SUPPLIED INFORMATION:
# # #
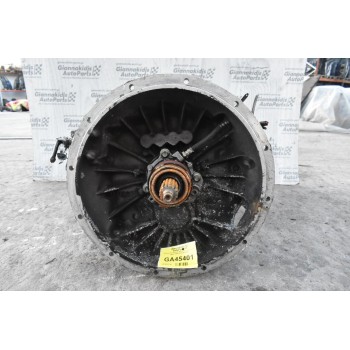 Χειροκίνητο Σασμάν Mitsubishi Canter 3.0 4M42 2005-2010 M036S6 (6αρι)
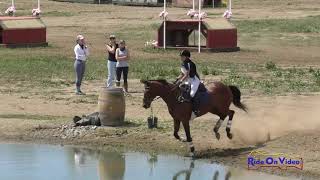 015XC Julie Anne Boyer on High Decorum CCI3* Short Cross Country Twin Rivers Ranch April 2021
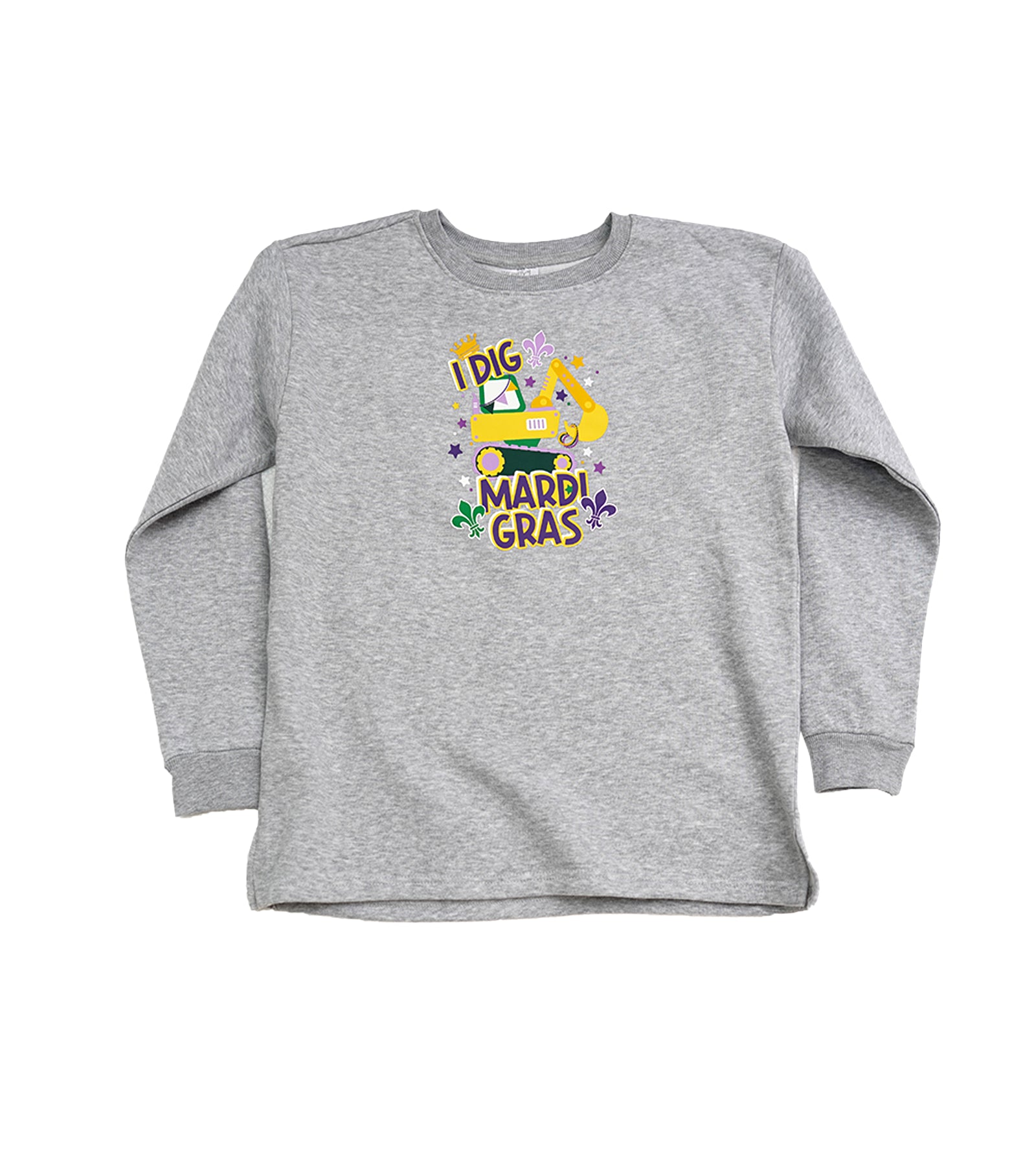 Infinity Sweat Shirt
# # #
INSTRUCTIONS FOR THE TASK:
Copy the lines above exactly. Do not include pictures.

ANSWER SPACE:
 Χειροκίνητο Σασμάν Mitsubishi Canter 3.0 4M42 2005-2010 M036S6 (6αρι)
 015XC Julie Anne Boyer on High Decorum CCI3* Short Cross Country Twin Rivers Ranch April 2021
 Infinity Sweat Shirt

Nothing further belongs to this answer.